**What you are asked to do**.
Some entries follow. Reproduce exactly the lines starting at the one with "Retro Pearl Nest" and stopping after the one with "Autometer Ultra - Nite".

**Stored data**.
--------------------

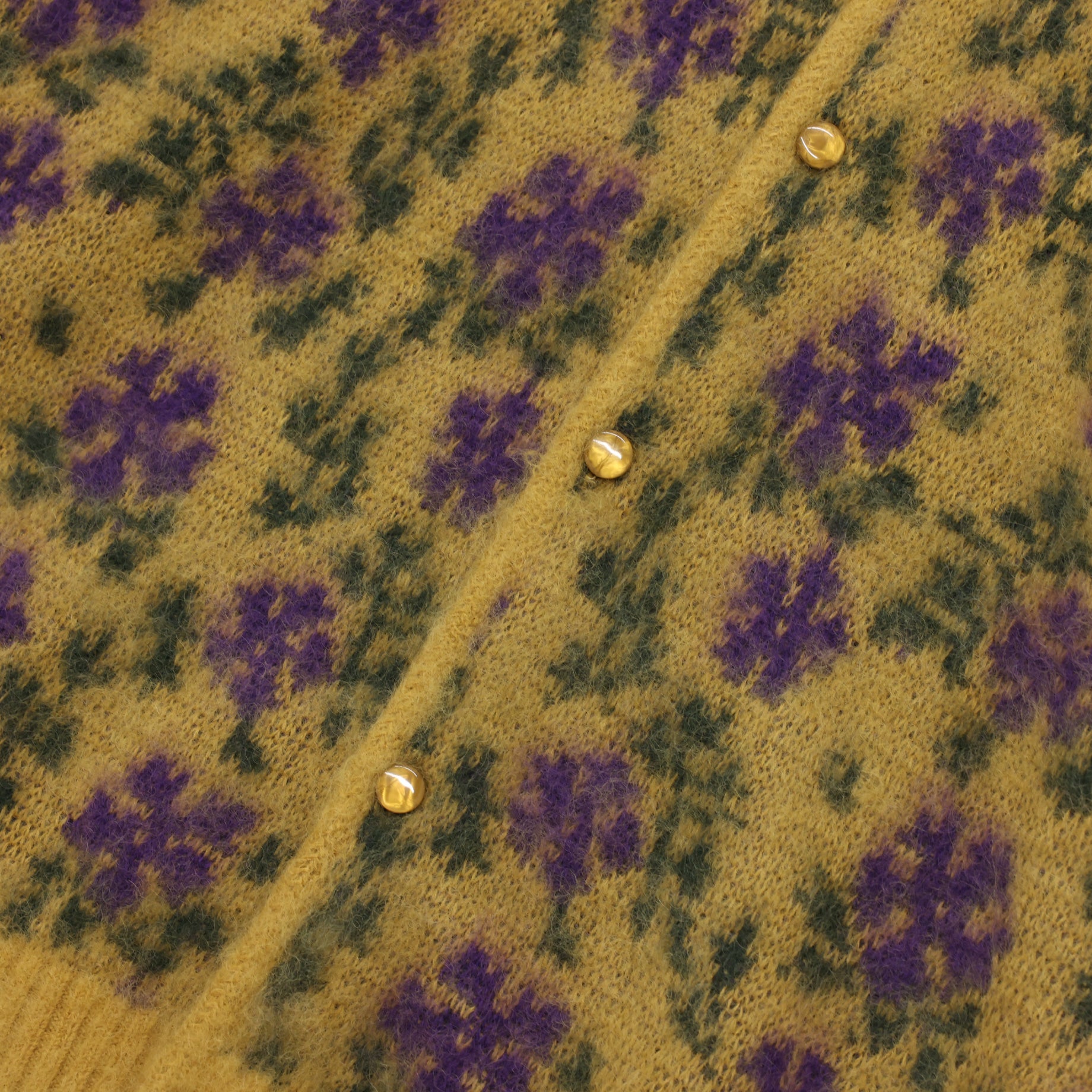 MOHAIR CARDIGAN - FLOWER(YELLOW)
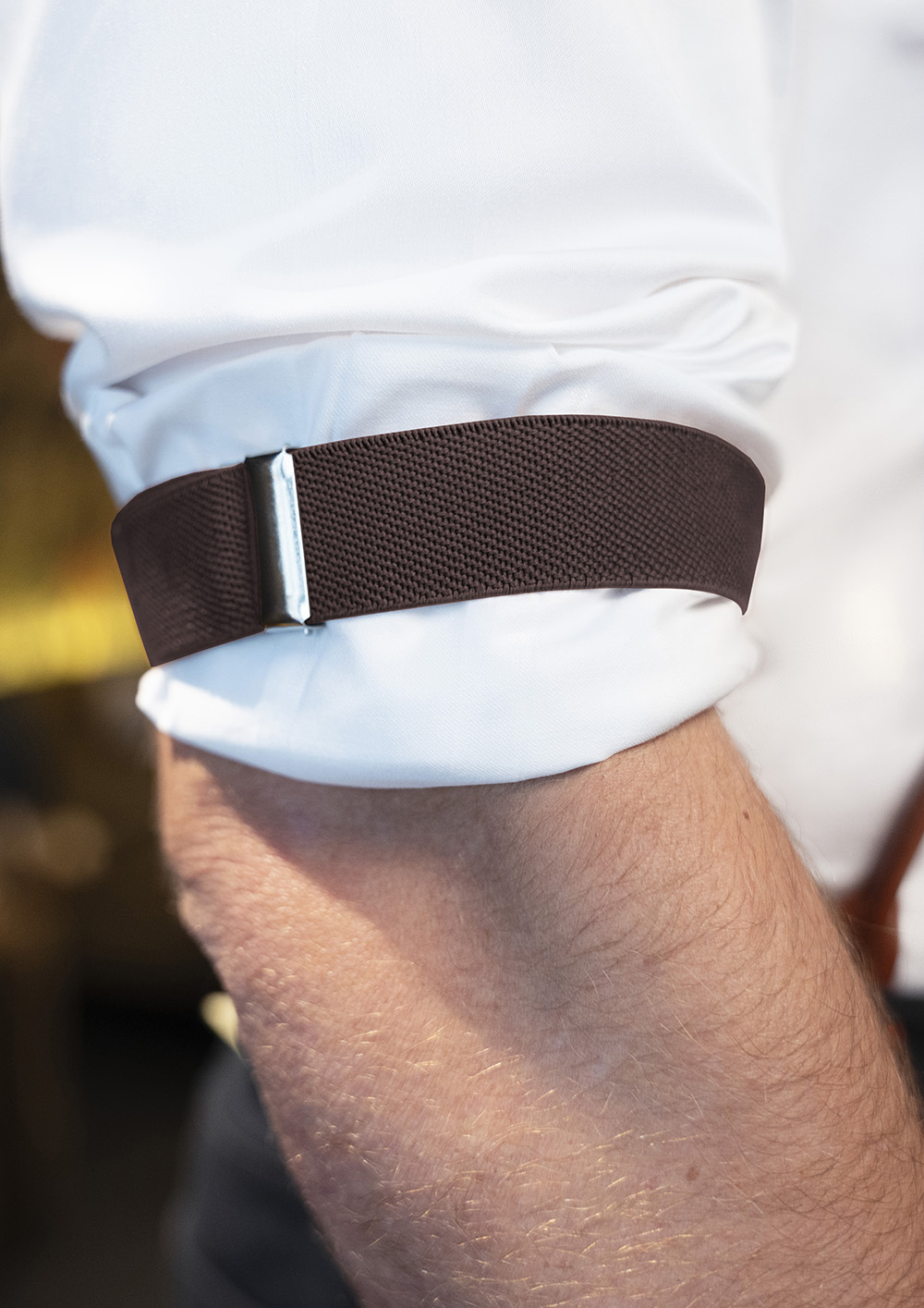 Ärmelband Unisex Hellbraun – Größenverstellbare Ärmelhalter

--------------------

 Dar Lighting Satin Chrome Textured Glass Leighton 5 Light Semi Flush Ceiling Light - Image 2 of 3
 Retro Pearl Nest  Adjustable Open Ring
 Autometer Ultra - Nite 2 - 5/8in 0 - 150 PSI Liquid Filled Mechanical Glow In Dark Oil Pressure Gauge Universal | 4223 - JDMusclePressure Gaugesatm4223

--------------------

**Output below**.
 Retro Pearl Nest  Adjustable Open Ring
 Autometer Ultra - Nite 2 - 5/8in 0 - 150 PSI Liquid Filled Mechanical Glow In Dark Oil Pressure Gauge Universal | 4223 - JDMusclePressure Gaugesatm4223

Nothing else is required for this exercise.